» Exercise details
Beginning at the line that contains "How To Build" and finishing at the line that contains "Bild-Nr.: 9358874 Sanddorn", output the data below exactly. Include both end lines and no pictures.

» Material for the task
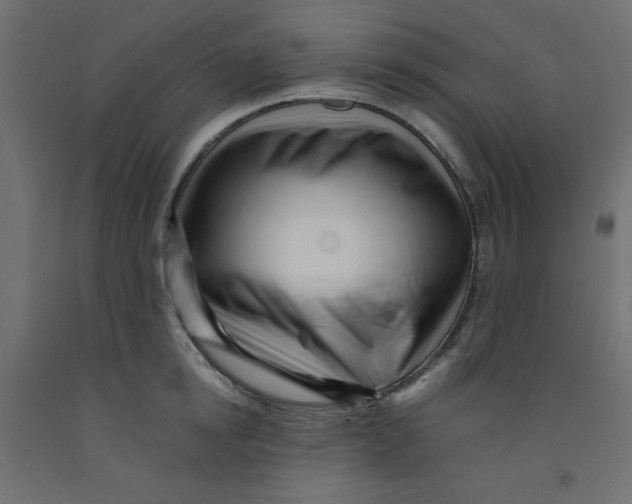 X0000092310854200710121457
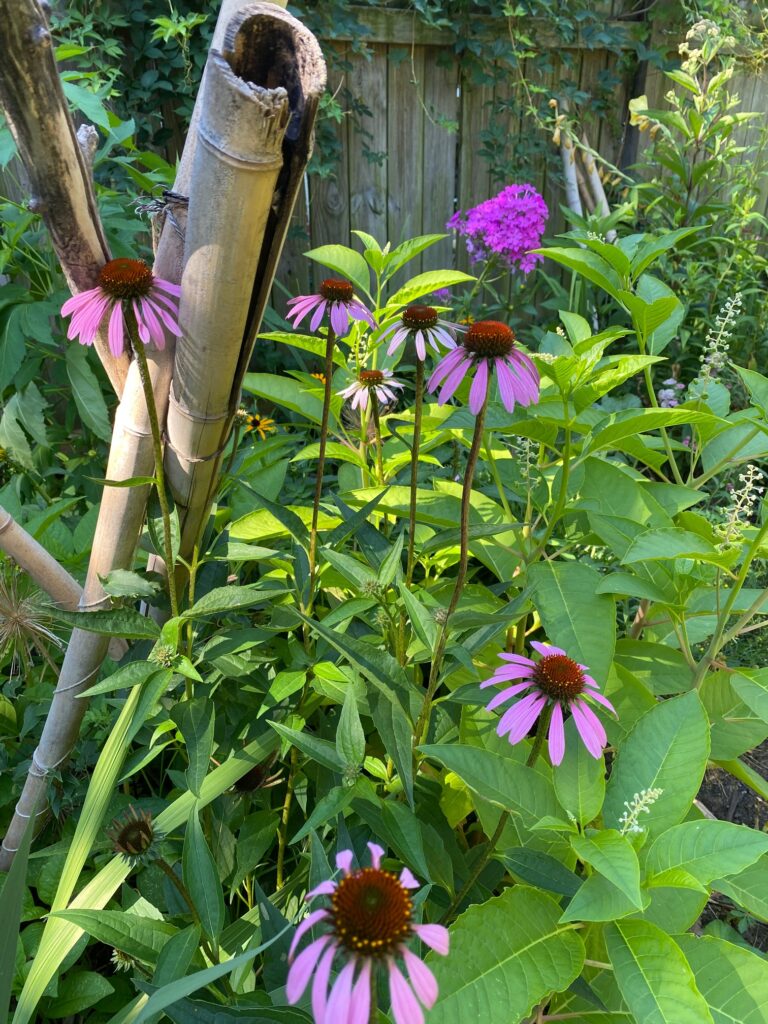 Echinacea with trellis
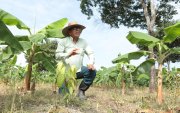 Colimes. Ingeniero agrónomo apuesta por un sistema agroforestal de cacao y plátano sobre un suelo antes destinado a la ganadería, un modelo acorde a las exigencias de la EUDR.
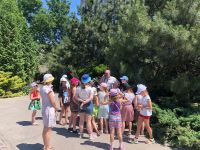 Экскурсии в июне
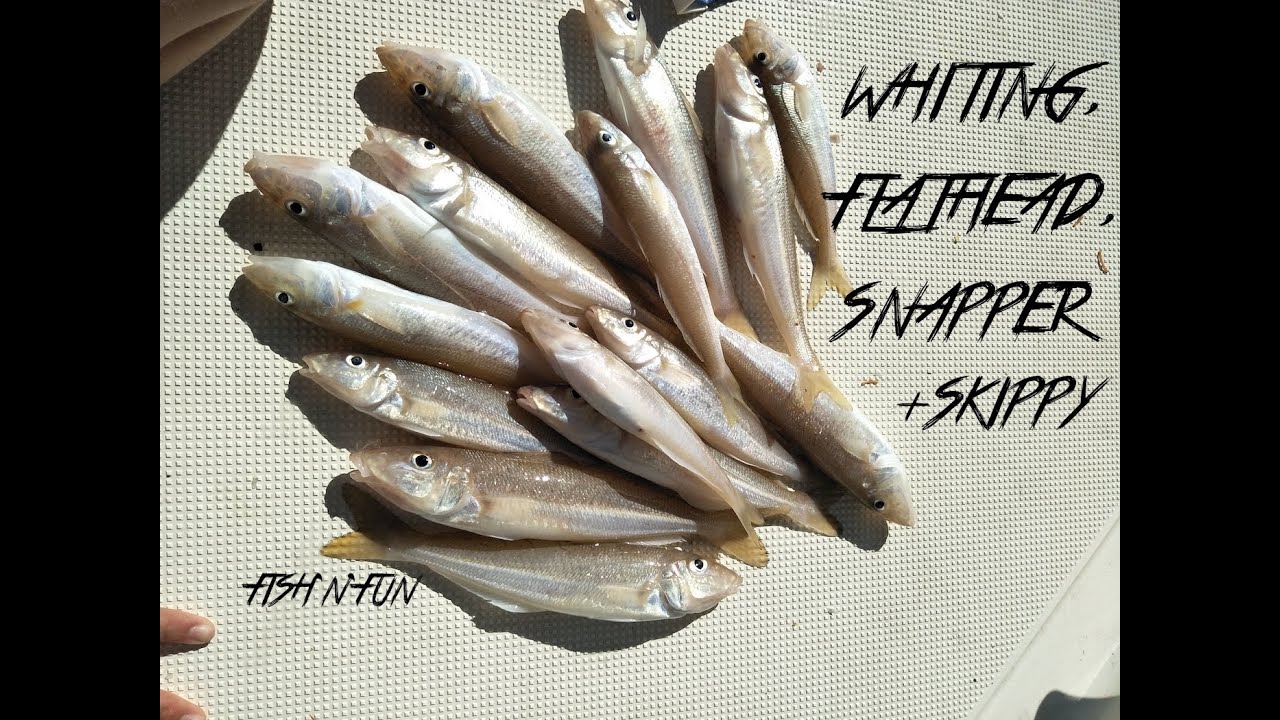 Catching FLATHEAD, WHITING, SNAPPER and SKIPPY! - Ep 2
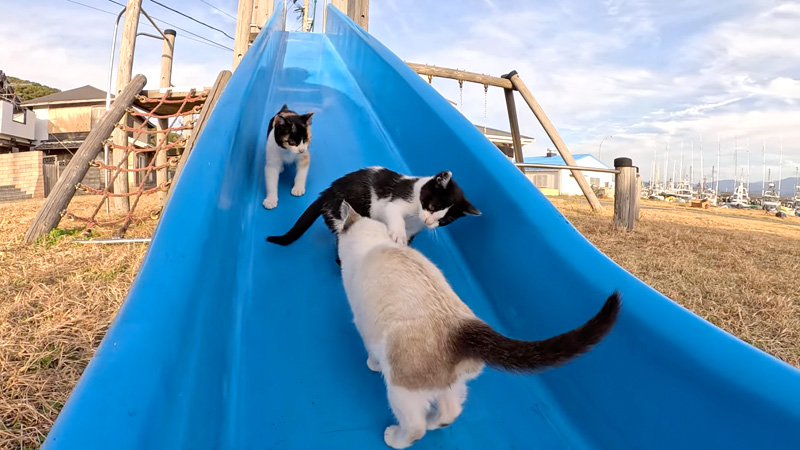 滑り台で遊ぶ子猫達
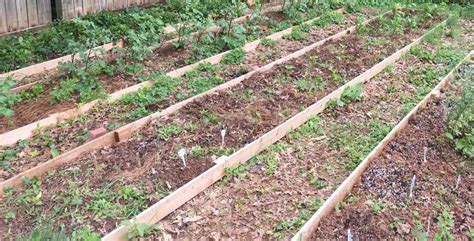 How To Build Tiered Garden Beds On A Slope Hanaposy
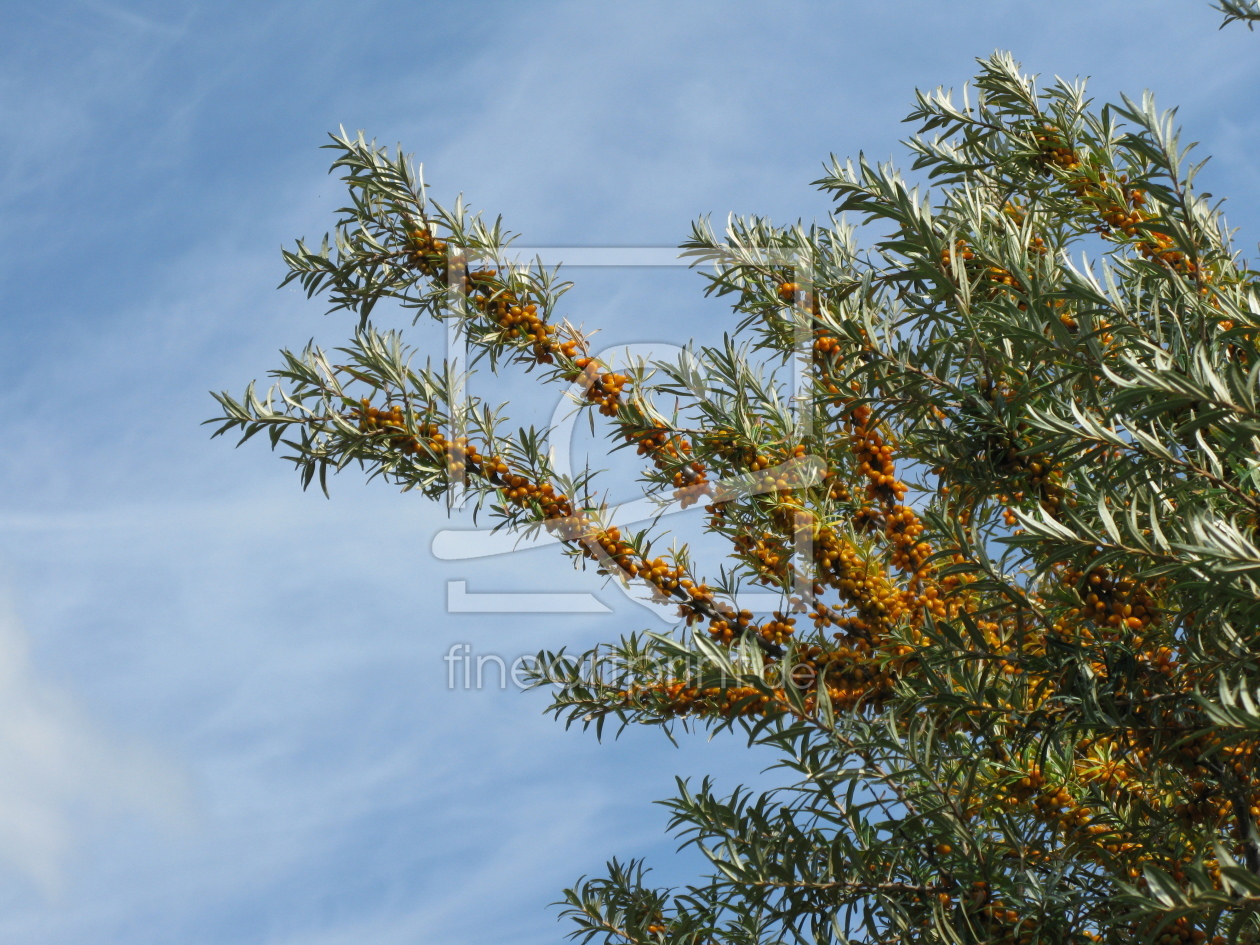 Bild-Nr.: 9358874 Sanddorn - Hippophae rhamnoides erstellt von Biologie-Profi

...

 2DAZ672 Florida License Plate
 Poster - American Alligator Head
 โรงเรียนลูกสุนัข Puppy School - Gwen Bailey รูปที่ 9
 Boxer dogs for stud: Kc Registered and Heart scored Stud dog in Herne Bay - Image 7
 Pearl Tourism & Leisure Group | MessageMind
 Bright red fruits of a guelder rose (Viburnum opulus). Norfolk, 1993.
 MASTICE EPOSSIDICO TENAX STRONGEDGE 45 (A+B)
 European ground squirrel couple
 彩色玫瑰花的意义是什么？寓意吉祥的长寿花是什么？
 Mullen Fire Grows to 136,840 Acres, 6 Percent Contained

--

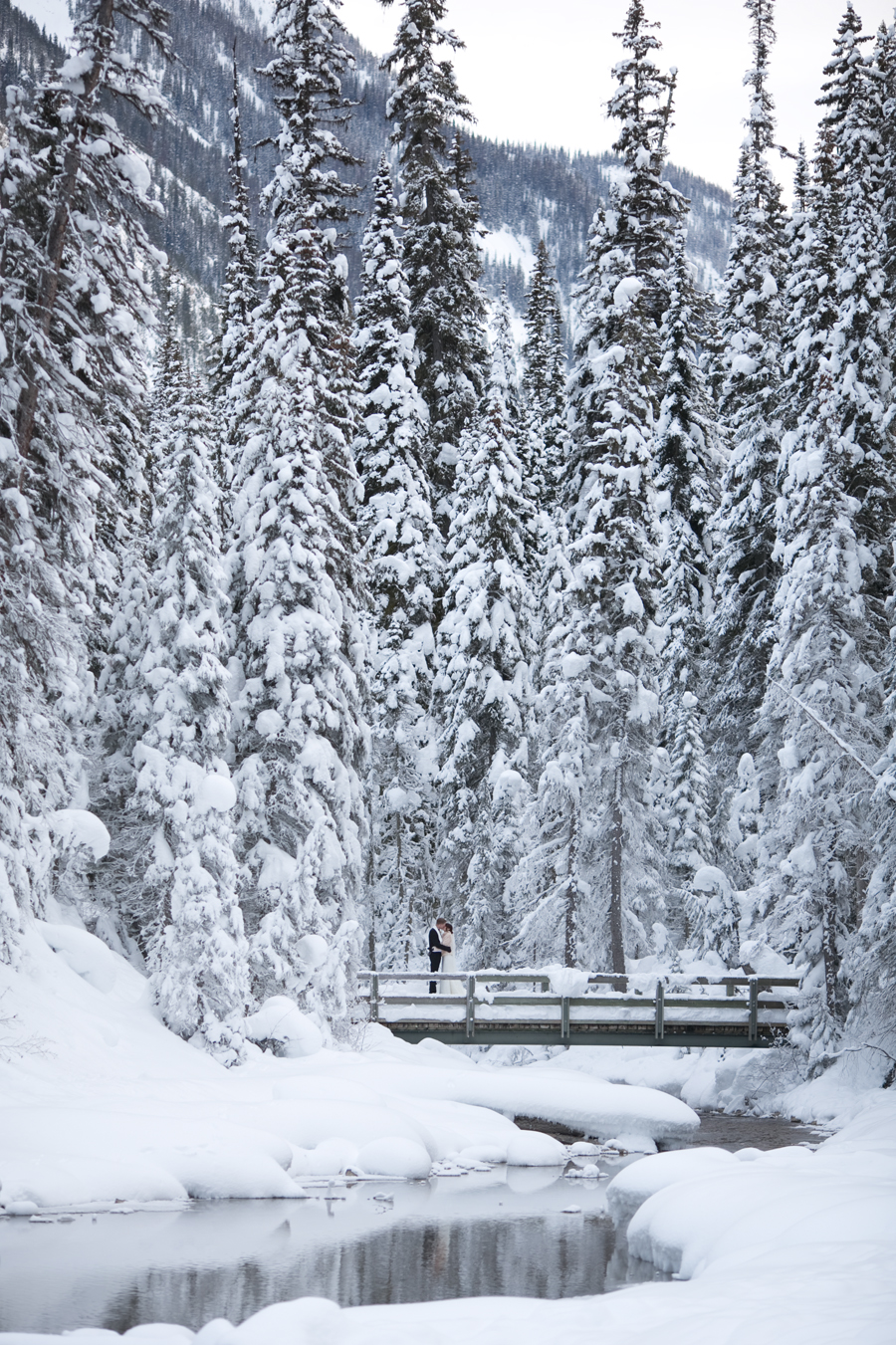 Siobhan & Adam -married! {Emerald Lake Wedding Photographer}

» Exercise response
 How To Build Tiered Garden Beds On A Slope Hanaposy
 Bild-Nr.: 9358874 Sanddorn - Hippophae rhamnoides erstellt von Biologie-Profi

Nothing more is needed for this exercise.